In the beginning, Ryan said, he knew he had many passions –– but he did not know what to do with them. He valued a college education, but mainly came to Grinnell for basketball –– the sport he played since he was five, and his “home away from home.”

At Grinnell, Ryan said he was able to find “brothers” in his team members, who he was able to relate to in many ways, and with whom he could have many conversations with, despite, he noted, the difference in skin color. Some of Ryan’s best memories of Grinnell have to do with basketball, such as when the team made it to the Midwest Conference Championships this year, or the 3-on-3 tournaments that took place during last year’s Working Differently Days. On his bad days, one might find him in the Darby Gymnasium practicing his shots and dribbles.

Outside basketball, however, Ryan mentioned a memory he would hold on to “forever.” In spring 2022, he had to perform a particularly challenging song at a recital –– “The Miseducation of Lauryn Hill.” However, with consistent training, Ryan said he “was able to sing the best I’ve ever sung.”

If there’s one thing both basketball and music have taught Ryan, it’s consistency. “I had to consistently work on my game to become a better player,” he said. “I had to consistently be writing songs and working on my voice to get better at music.”

To Ryan, education should not just be about academics. “I gained passions through interacting with people around me,” he said. “Even if I weren’t here, I would have come to discover that within myself … It’s always good to have education, but sometimes you can thrive through just natural gifts.”

Ryan credited his mother, whose main line of work helps communities, with influencing his passions. Now, Ryan wants to help people through forming connections and create a better future by “helping them understand who they are,” so as to do his “gift” with connecting with people, and the world, justice.

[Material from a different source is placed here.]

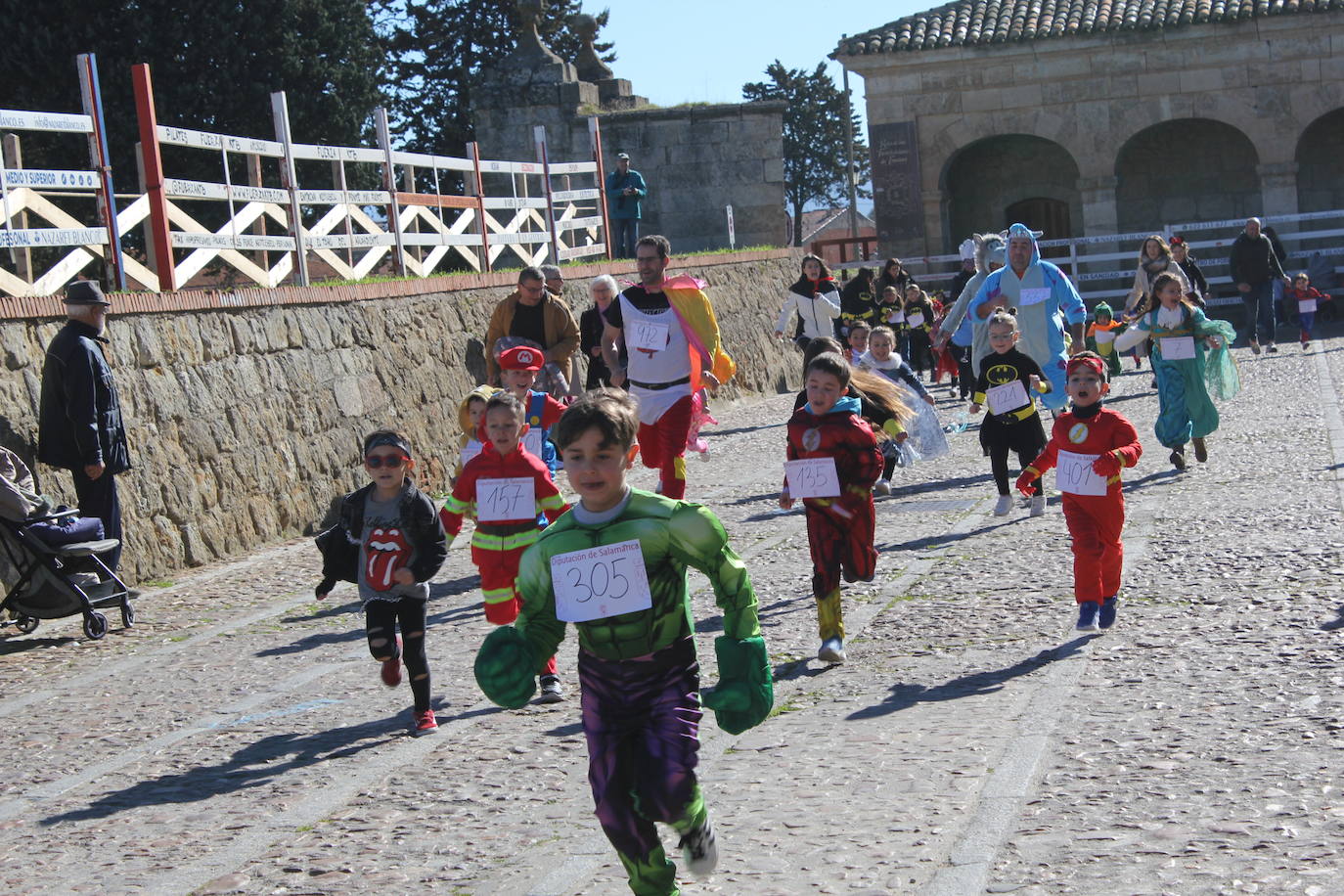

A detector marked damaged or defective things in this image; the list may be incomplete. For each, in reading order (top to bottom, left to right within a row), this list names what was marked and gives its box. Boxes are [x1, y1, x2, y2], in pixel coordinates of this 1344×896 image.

black ripped leggings [368, 599, 429, 709]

To that end, he worked at the Black Cultural Center (BCC) for two years as staff and Communications Coordinator, joined the Young, Gifted and Black Gospel Choir and is currently co-leader of Men of Color Empowered and Engaged. He warmly reminisced about the cookouts he had helped organize at the BCC, which reminded him of the soul food he ate at home, as well as the times he sang to the church and partook in fellowship with fellow religious Black Grinnellians.

“I’m African-American. I understand the struggles endured … I’ve had things happen to me,” he said. “Sometimes, we don’t feel like we can talk to people that don’t look like us about those things. I want to be part of building a safe space where people can talk about how they’ve experienced oppression, but also about good things about Black culture.”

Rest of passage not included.